[Brief descriptive captions]
::::
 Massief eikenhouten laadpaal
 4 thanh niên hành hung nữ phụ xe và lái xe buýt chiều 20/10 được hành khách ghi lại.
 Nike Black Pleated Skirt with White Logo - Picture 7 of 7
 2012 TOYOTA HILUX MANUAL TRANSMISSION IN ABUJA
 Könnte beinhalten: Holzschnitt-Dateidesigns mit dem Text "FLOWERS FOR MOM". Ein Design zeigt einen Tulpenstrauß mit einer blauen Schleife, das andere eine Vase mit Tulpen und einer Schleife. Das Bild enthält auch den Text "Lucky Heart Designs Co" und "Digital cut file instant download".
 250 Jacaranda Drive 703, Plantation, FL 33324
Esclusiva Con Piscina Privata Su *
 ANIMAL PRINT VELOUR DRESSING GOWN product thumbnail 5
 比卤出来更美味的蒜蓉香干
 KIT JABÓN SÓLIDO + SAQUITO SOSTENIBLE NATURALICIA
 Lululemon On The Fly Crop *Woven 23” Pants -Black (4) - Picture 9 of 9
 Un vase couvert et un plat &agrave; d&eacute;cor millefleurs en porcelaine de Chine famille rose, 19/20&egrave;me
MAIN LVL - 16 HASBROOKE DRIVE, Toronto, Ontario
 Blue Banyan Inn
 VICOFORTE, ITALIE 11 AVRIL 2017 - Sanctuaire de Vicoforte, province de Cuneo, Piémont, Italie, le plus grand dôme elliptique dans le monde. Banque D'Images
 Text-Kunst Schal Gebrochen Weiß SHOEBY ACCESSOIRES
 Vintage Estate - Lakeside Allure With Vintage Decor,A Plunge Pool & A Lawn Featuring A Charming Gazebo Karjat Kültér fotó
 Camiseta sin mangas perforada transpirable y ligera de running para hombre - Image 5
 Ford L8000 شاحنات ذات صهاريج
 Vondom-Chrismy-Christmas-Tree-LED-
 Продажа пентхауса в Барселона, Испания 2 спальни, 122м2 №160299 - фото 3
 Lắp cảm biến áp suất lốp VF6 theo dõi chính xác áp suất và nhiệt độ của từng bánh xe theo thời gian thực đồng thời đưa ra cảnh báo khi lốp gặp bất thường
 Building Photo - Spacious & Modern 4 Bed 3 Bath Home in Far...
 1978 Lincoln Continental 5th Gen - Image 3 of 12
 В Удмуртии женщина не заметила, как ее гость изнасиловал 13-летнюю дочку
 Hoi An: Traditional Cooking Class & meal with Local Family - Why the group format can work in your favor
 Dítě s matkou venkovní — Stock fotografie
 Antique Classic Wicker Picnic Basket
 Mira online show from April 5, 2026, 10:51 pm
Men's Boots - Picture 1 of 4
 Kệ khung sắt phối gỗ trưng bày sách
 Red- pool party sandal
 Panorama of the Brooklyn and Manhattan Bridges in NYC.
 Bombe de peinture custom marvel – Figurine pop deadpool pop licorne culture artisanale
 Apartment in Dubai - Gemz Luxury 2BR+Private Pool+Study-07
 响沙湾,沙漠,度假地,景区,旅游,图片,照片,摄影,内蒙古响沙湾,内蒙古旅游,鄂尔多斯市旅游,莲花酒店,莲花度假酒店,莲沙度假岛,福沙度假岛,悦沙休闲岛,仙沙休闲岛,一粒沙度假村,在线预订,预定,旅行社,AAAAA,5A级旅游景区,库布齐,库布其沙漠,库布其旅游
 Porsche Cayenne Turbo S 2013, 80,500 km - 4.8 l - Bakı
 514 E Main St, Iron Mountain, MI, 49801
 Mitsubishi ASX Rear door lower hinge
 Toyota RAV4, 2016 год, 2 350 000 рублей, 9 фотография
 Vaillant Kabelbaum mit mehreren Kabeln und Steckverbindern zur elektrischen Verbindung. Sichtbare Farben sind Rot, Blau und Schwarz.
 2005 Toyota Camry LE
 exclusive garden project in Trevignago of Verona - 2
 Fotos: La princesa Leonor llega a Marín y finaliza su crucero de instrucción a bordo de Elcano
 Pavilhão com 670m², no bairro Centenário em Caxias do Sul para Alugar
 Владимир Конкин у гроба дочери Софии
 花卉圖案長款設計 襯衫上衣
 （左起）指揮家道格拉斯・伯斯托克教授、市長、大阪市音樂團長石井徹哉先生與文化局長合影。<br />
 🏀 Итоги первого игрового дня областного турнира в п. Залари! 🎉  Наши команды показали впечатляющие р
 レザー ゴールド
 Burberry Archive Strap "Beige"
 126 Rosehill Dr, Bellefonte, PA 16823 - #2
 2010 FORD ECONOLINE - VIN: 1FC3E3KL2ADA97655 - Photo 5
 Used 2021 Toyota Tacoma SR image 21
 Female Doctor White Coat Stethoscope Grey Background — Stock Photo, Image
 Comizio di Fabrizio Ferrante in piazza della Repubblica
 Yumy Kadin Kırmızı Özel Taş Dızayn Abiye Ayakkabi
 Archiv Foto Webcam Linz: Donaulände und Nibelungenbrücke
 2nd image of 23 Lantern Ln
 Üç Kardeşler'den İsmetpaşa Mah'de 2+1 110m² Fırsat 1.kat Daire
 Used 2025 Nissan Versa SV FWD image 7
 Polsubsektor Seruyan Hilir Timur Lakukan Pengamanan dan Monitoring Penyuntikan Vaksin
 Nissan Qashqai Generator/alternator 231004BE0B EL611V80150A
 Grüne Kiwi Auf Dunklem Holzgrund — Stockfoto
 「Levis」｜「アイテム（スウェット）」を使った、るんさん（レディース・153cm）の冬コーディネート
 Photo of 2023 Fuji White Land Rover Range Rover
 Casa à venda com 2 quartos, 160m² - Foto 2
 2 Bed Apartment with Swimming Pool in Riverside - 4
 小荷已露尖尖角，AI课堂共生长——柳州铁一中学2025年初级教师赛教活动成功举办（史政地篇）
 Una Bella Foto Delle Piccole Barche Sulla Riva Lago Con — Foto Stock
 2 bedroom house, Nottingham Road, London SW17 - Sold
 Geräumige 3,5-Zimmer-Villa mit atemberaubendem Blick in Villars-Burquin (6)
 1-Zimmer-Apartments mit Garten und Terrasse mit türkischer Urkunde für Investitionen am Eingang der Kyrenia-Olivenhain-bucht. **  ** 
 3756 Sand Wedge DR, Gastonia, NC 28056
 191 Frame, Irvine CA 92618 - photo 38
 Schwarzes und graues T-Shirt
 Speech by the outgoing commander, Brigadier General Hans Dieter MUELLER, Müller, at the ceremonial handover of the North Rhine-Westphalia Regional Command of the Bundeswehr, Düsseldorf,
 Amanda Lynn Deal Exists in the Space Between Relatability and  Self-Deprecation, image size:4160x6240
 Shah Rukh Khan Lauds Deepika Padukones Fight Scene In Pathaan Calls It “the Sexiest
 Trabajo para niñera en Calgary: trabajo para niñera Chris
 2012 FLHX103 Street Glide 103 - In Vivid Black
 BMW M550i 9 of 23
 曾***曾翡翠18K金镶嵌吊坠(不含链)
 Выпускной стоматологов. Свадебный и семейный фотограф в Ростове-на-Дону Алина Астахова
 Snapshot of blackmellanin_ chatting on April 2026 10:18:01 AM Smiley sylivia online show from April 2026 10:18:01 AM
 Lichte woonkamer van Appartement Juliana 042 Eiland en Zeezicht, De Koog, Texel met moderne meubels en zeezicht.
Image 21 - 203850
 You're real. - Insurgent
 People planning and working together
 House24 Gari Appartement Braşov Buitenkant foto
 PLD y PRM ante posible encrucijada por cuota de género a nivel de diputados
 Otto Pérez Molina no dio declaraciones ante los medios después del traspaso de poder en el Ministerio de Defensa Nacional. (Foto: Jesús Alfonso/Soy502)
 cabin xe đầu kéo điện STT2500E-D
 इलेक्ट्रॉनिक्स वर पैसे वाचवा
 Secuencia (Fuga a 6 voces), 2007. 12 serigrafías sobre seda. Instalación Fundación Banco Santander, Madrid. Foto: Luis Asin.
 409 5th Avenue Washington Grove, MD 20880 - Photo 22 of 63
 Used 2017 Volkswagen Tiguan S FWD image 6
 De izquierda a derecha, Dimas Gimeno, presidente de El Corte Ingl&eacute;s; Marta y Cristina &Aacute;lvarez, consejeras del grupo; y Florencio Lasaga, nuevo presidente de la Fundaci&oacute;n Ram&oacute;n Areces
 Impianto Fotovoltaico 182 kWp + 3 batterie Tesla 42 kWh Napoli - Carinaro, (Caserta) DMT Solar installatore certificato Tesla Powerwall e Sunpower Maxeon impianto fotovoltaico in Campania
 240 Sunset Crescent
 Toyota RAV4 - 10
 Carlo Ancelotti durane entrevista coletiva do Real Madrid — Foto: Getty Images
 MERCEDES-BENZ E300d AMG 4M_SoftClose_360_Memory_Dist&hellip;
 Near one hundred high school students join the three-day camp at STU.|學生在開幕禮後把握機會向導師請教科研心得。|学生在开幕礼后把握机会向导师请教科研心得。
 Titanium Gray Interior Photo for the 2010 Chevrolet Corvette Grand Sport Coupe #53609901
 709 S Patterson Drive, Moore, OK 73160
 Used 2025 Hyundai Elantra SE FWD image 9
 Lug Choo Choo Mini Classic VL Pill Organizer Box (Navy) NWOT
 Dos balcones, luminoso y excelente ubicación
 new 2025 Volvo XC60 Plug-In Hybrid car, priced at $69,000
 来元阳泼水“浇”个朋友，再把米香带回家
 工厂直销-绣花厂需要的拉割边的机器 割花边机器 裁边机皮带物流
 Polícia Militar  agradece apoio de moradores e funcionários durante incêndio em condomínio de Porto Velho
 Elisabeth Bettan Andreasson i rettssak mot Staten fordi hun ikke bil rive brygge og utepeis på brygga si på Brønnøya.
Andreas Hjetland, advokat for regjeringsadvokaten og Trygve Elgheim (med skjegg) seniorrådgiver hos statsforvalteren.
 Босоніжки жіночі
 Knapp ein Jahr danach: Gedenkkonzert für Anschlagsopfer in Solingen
::::
[YOUR ASSIGNMENT]
Set down exactly the line with "Andreas Hjetland, advokat" and each line after it up to the end of the records, adding nothing.

[TASK ANSWER]
Andreas Hjetland, advokat for regjeringsadvokaten og Trygve Elgheim (med skjegg) seniorrådgiver hos statsforvalteren.
 Босоніжки жіночі
 Knapp ein Jahr danach: Gedenkkonzert für Anschlagsopfer in Solingen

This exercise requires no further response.